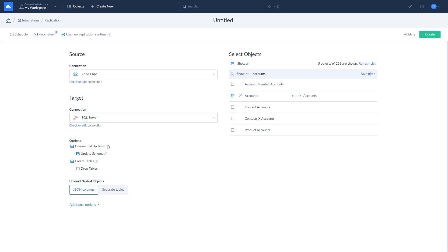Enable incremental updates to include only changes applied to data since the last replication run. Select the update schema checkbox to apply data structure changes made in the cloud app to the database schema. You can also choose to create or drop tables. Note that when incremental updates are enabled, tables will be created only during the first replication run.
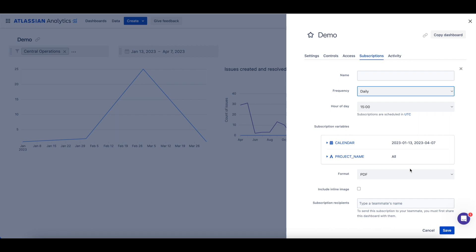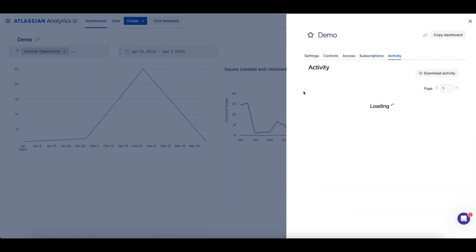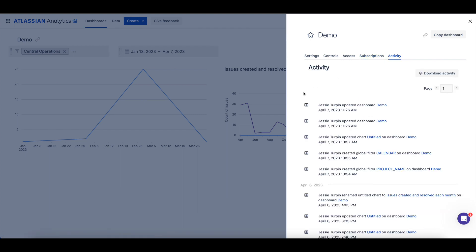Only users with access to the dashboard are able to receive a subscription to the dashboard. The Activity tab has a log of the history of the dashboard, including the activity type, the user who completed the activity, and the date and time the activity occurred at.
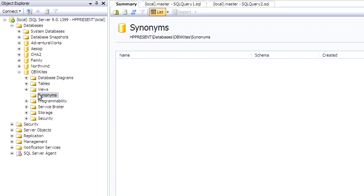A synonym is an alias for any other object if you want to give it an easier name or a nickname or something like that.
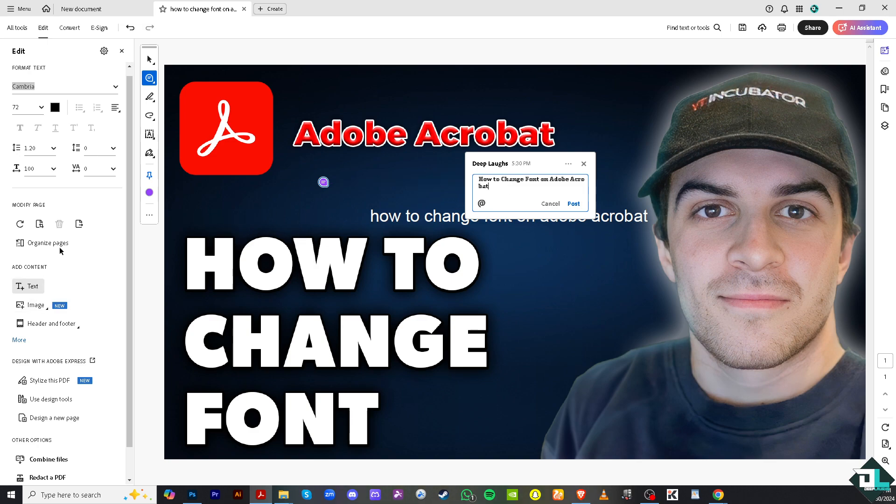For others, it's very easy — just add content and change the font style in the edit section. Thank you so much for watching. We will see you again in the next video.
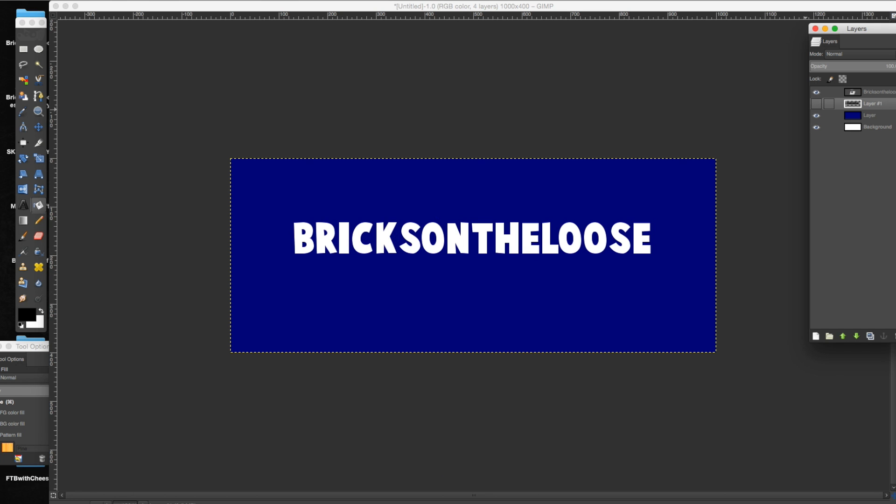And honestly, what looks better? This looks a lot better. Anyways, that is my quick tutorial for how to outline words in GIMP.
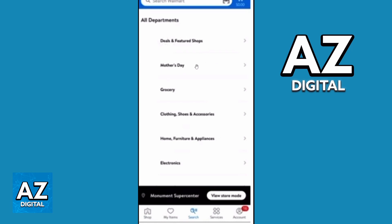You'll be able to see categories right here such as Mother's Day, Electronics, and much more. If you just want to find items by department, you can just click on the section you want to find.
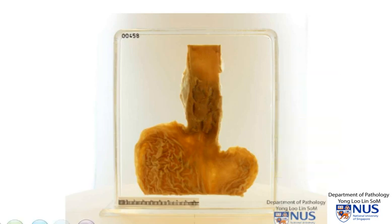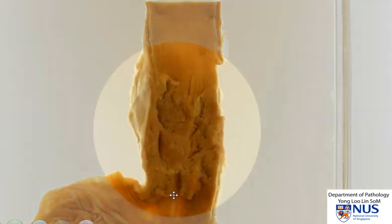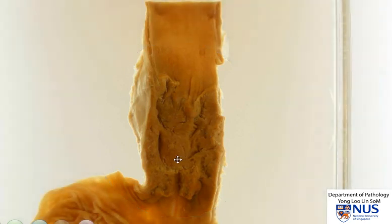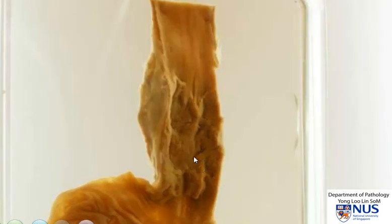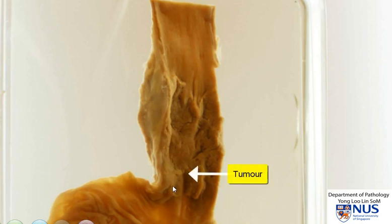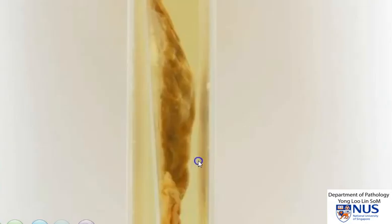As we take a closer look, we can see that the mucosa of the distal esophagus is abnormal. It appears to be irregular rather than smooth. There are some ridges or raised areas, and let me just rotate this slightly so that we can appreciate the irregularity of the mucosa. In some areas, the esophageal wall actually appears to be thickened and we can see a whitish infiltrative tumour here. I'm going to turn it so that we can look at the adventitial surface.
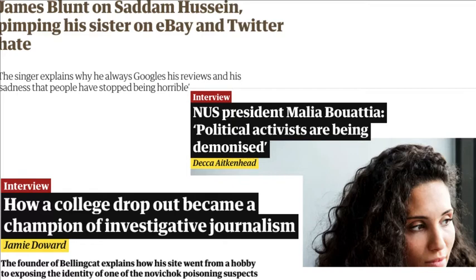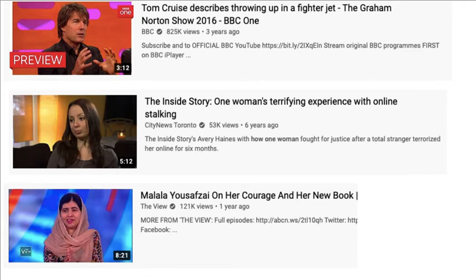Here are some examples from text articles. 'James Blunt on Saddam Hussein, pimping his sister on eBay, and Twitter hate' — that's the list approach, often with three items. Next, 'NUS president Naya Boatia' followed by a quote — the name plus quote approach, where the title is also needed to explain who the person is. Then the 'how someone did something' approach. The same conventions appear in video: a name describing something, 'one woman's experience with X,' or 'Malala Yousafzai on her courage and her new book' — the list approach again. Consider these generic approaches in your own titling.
══════════
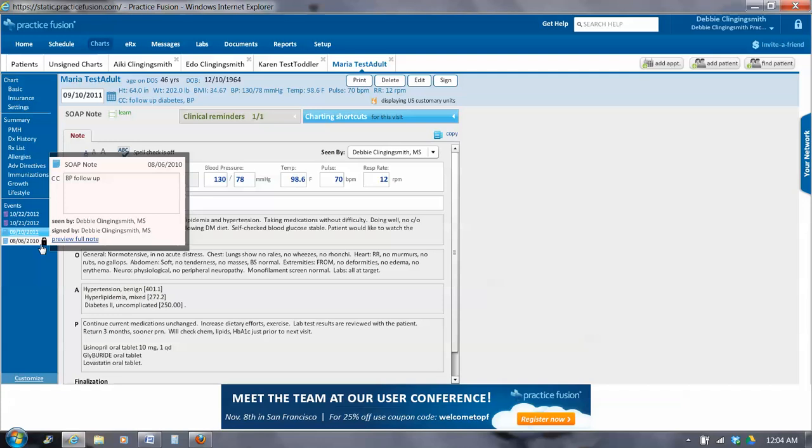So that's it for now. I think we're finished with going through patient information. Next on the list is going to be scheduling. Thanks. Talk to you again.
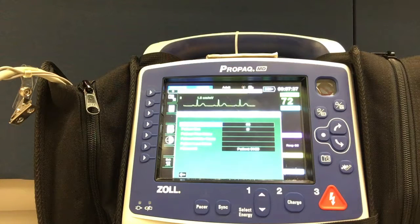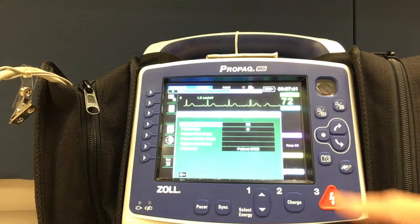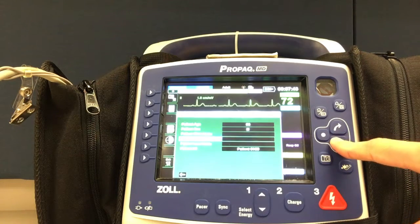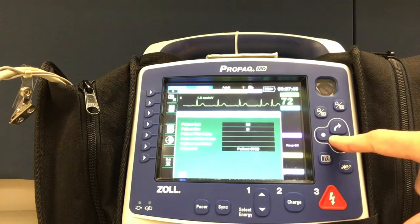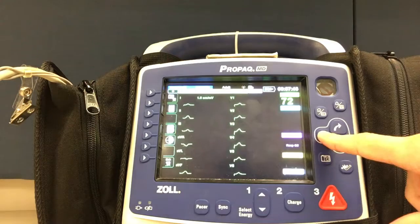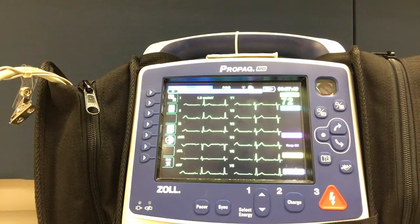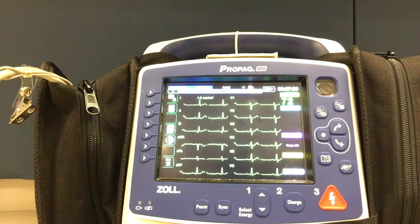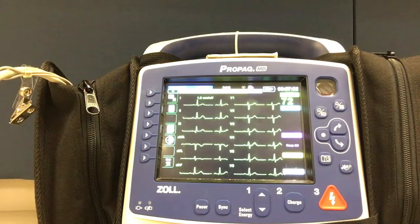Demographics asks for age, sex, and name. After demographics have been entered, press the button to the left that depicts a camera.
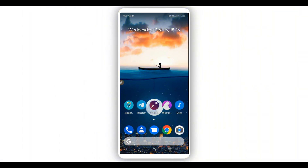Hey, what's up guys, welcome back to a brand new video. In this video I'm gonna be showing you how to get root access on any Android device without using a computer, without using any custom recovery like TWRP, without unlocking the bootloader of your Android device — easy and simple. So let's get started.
══════════
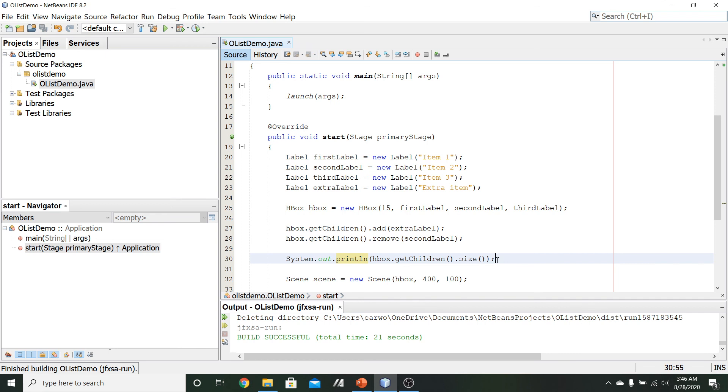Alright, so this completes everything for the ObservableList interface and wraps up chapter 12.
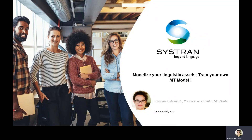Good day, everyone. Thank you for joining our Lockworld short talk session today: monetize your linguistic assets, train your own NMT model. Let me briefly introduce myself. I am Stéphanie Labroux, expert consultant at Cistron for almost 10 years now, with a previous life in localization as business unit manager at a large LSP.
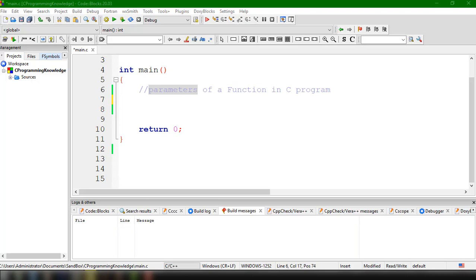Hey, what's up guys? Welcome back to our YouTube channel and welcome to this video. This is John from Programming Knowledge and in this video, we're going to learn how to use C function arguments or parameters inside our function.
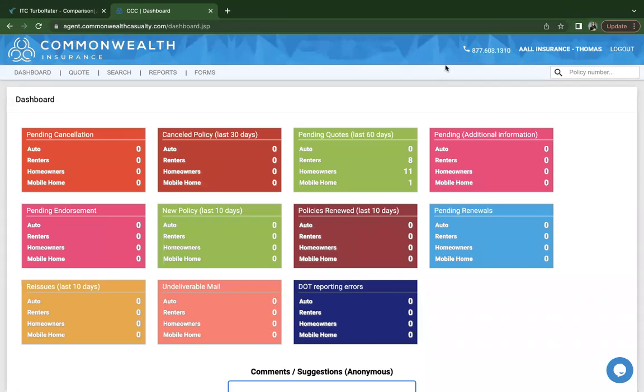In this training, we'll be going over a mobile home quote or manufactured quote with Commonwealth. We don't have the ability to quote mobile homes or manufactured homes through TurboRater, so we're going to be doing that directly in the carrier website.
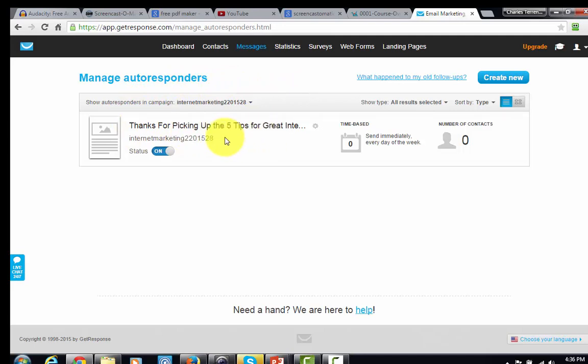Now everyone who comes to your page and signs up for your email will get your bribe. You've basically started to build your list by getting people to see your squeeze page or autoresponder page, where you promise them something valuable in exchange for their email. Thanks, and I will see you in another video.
══════════
● REQUIRED ACTION:
In the data above, find the line containing "Hey, what's up guys?" and the line containing "Now everyone who". Repeat those two lines and everything between them exactly, minus the pictures.

● TASK ANSWER:
Hey, what's up guys? Welcome back to our YouTube channel and welcome to this video. This is John from Programming Knowledge and in this video, we're going to learn how to use C function arguments or parameters inside our function.
In this training, we'll be going over a mobile home quote or manufactured quote with Commonwealth. We don't have the ability to quote mobile homes or manufactured homes through TurboRater, so we're going to be doing that directly in the carrier website.
Now everyone who comes to your page and signs up for your email will get your bribe. You've basically started to build your list by getting people to see your squeeze page or autoresponder page, where you promise them something valuable in exchange for their email. Thanks, and I will see you in another video.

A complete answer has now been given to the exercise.